**STORED DATA**
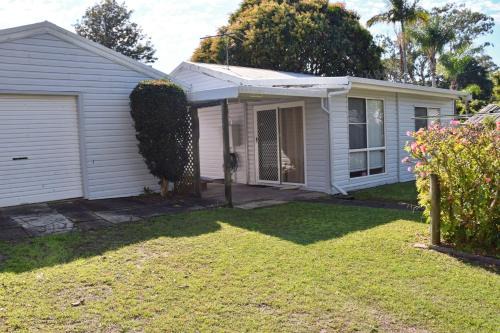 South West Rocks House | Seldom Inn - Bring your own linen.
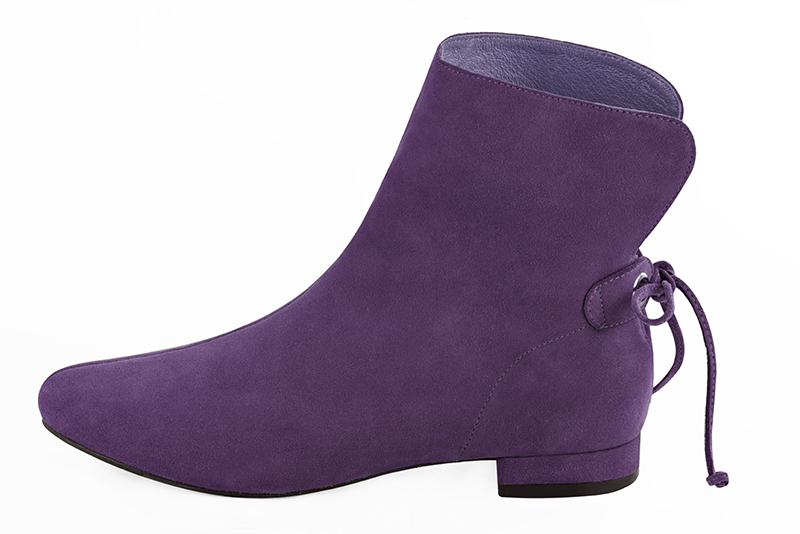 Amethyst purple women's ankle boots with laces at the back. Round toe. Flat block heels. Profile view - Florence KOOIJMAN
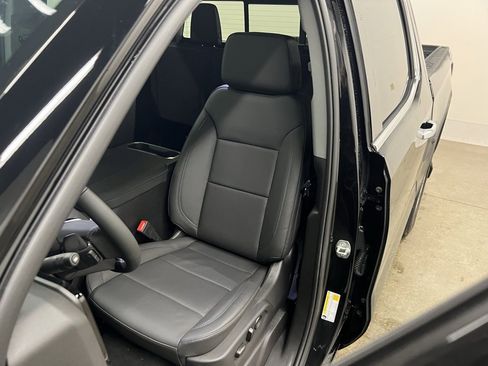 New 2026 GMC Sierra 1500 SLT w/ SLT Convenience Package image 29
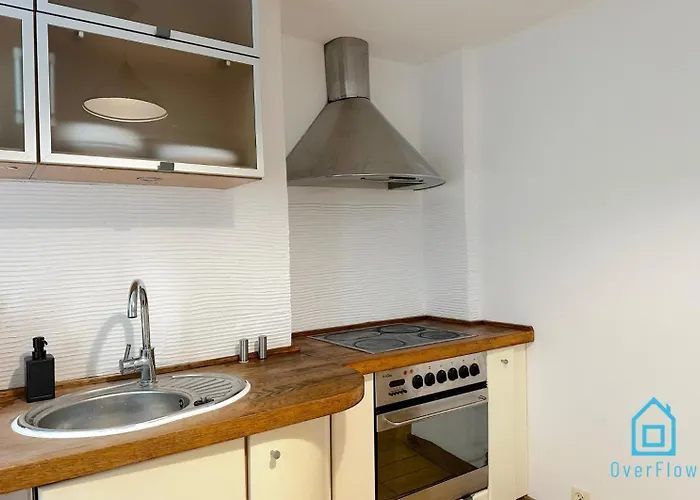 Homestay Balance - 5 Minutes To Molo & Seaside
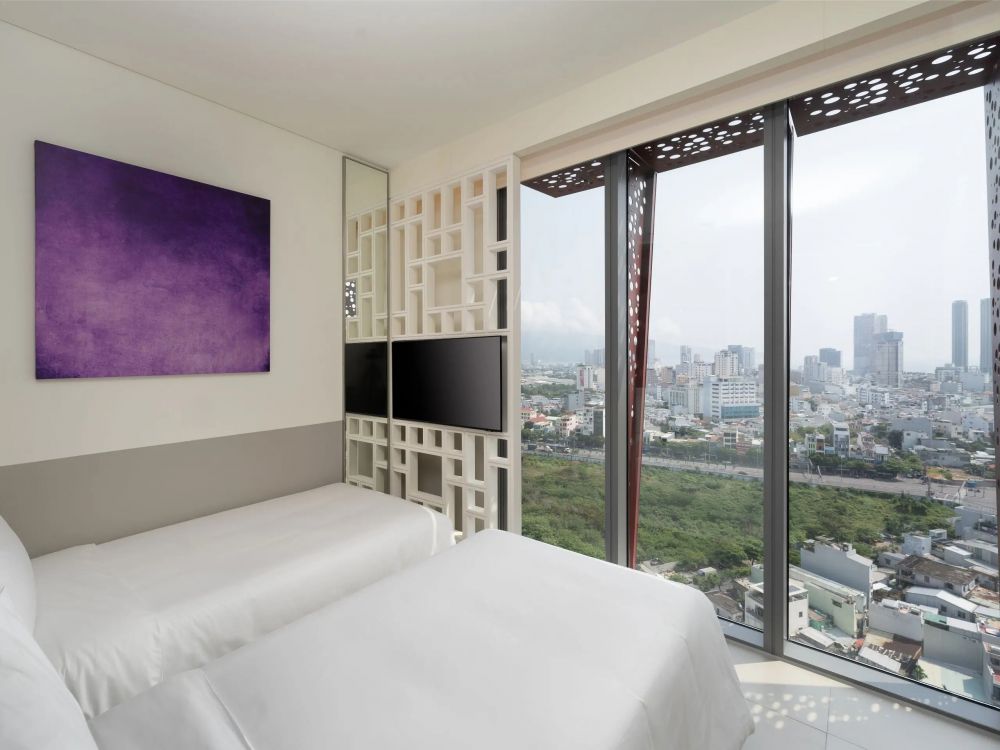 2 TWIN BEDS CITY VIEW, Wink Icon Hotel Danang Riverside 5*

---

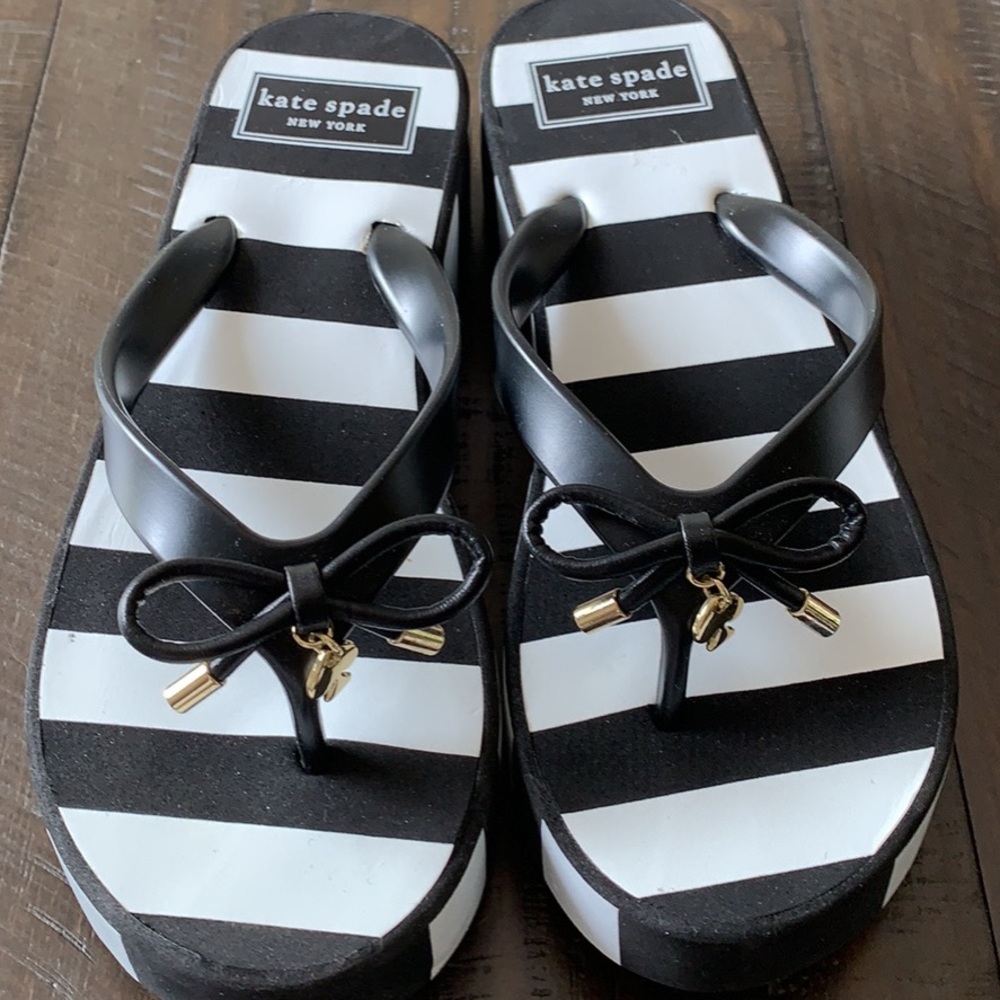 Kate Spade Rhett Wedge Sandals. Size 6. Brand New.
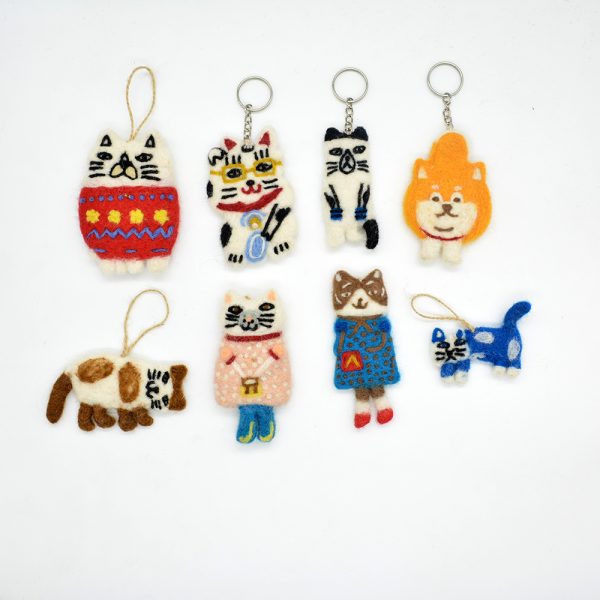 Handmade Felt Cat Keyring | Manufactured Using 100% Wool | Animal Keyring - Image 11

==

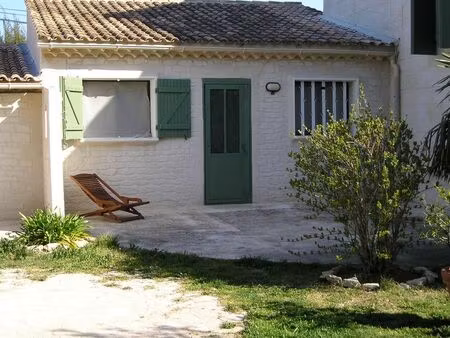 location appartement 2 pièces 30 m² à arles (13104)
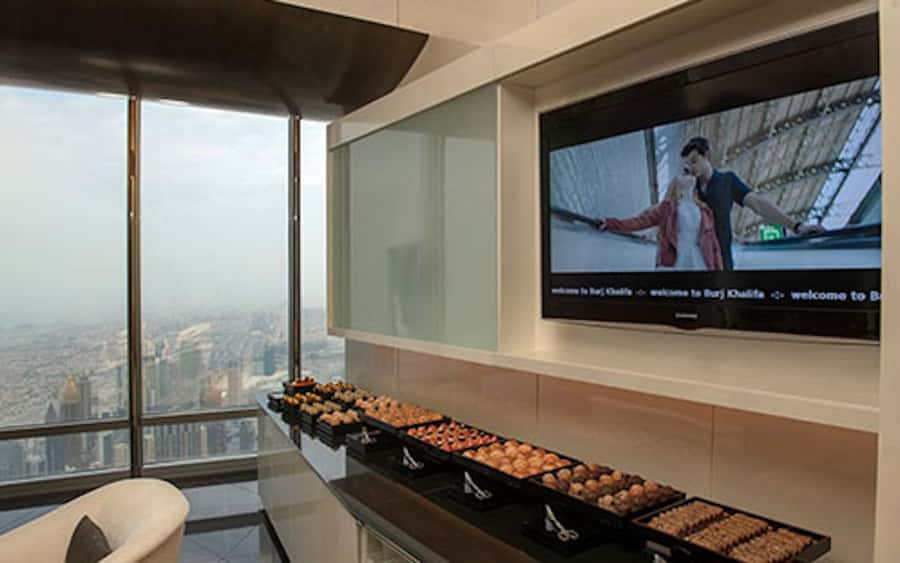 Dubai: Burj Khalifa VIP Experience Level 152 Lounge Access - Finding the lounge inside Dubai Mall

**WORK TO COMPLETE**
Your reply should hold nothing but the lines above, from the one containing "South West Rocks" to the one containing "2 TWIN BEDS", reproduced exactly minus the pictures.

**YOUR SOLUTION**
 South West Rocks House | Seldom Inn - Bring your own linen.
 Amethyst purple women's ankle boots with laces at the back. Round toe. Flat block heels. Profile view - Florence KOOIJMAN
 New 2026 GMC Sierra 1500 SLT w/ SLT Convenience Package image 29
 Homestay Balance - 5 Minutes To Molo & Seaside
 2 TWIN BEDS CITY VIEW, Wink Icon Hotel Danang Riverside 5*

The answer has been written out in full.